The cabinet-sponsored bill requires any NGO receiving more than 50 percent of its funding from a foreign government to include details of its funding in all official and promotional documents. It also mandates that representatives of these groups wear a badge in the Knesset — similar to the ones lobbyists wear — identifying their organization’s source of foreign funding, or face a financial penalty.
Justice Minister Ayelet Shaked of the nationalist Jewish Home party, who proposed the bill, said last year that such a rule would “label the foreign interest of different states, which seek to enable NGOs here, and in whose name they give hundreds of millions of shekels.”
But critics in Israel and abroad say the proposal unfairly targets left-wing groups who do not toe the government’s line, a suspicion that’s become intensified since a list was released last week of the 25 groups being targeted — 23 of which are left-wing organizations, including B’Tselem, Breaking the Silence, Ir Amim and Yesh Din.
In his statement, Pesner described the majority of the groups as human and civil rights activists. He characterized their work as necessary for the health of Israel’s society and lambasted efforts to prevent it.
“Israeli human rights workers and organizations are dedicated to promoting and preserving the values enshrined in Israel’s Declaration of Independence,” he said. “By challenging Israeli authorities to investigate, prosecute and deter civil and human rights violations wherever they occur, these nonprofits serve as a crucial compass in places where there is the potential for moral failure.”
Since Shaked’s proposal began working its way through the legislative process, several progressive American Jewish organizations publicly opposed the bill, and a source familiar with the situation told The Times of Israel, in December 2015, that an “ad hoc coalition” of both American and Israeli left-wing groups would form to attempt to block the bill from becoming law, including Americans for Peace Now, B’Tselem, J Street, New Israel Fund and Rabbis for Human Rights, among others.
The Religious Action Center, the political wing of the Reform Jewish Movement, was not among the groups mentioned. But the RAC’s announcing its public opposition adds to the chorus of American groups dismayed by the bill.

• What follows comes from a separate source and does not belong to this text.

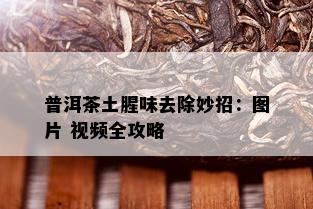 普洱茶土腥味去除妙招：图片 视频全攻略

Pesner expressed concern on Monday that if such legislation were to become law, it would weaken the link many Americans feel to the Jewish state.
“For many years Israel prided itself on the existence of these organizations, and one of the most significant links that the American people have to Israel is a shared commitment to a strong, healthy and thriving democracy where human rights advocates are seen as part of the fabric of civic life,” he said. “We strongly hope that this bill does not become law and that efforts instead are made to strengthen, not weaken, Israel’s moral and civic fabric.”